How to Cut Data Cube Processing Time by 60% with Deduplication Optimization
This article explains how to dramatically reduce the cost of deduplication‑Cube calculations in large‑scale data pipelines by replacing costly data‑expansion steps with a UID‑level tagging approach, detailing the scenario, common methods, performance analysis, a new solution, implementation steps, and experimental results.
SQL is the most widely used query language, but poorly written statements can be dozens or hundreds of times slower than optimized ones; writing performant, maintainable SQL requires deep understanding of data processing.
The article introduces a series called “Creative SQL” and presents the first case: optimizing a deduplication‑Cube used in Ant Group’s executive data‑line upgrade, where distinct counts (e.g., unique users) must be computed across many dimension combinations.
Scenario Description
When aggregating metrics such as daily payment users by province, city, and district, each dimension combination requires a separate distinct count. With large data volumes, naïve per‑combination calculations become infeasible.
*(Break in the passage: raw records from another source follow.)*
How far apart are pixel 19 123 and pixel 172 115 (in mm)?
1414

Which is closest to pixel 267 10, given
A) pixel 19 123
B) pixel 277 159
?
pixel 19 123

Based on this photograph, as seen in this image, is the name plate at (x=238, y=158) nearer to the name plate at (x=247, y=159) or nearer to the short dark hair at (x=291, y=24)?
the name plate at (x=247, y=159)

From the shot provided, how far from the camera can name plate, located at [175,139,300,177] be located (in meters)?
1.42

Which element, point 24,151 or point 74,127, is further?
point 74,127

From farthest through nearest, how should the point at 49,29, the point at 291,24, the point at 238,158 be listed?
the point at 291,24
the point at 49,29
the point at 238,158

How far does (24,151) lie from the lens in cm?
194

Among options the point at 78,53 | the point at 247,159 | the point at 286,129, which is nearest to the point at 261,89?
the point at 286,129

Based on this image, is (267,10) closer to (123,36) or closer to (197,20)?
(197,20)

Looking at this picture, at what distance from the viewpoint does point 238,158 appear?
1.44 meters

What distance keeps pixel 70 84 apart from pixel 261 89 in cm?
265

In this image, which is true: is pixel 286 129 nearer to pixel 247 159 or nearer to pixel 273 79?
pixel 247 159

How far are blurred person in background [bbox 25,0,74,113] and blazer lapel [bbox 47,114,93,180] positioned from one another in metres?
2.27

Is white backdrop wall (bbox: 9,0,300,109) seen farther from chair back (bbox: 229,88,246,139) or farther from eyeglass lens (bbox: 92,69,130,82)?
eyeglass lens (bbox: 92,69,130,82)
Common Implementation Methods
Typical approaches include:
Calculating each dimension combination separately (multiple tables).
Data‑expansion techniques such as UNION ALL , LATERAL VIEW EXPLODE , or MaxCompute’s CUBE function, which duplicate rows for every required combination and then apply a standard DISTINCT aggregation.
All these methods share the same core idea: expand the data, then deduplicate, leading to similar performance but differing maintainability.
Performance Analysis
Experiments show that over 80% of the runtime is spent on data expansion and shuffling. For a benchmark of 10 billion rows across 25 dimension combos, the intermediate data grew from 100 GB to over 1 TB (≈10× expansion), and the total execution time reached 47 minutes.
A New Approach
The proposed solution avoids data expansion by first tagging each record with a unique user‑level identifier (UID) and encoding the required dimension combos as compact numeric codes. This creates a converging data flow where the intermediate size does not increase with the number of dimensions.
Logical Implementation
Prepare detail data : collect order number, user ID, payment date, province, city, amount.
Generate Cube and encode rows : use DENSE_RANK to assign a cube_id for each dimension combination (province only, province+city, etc.).
Write Cube IDs back to detail records (MapJoin) and aggregate per UID to obtain cube_id_arry.
Aggregate by UID and deduplicate the cube_id_arry (e.g., ARRAY_DISTINCT).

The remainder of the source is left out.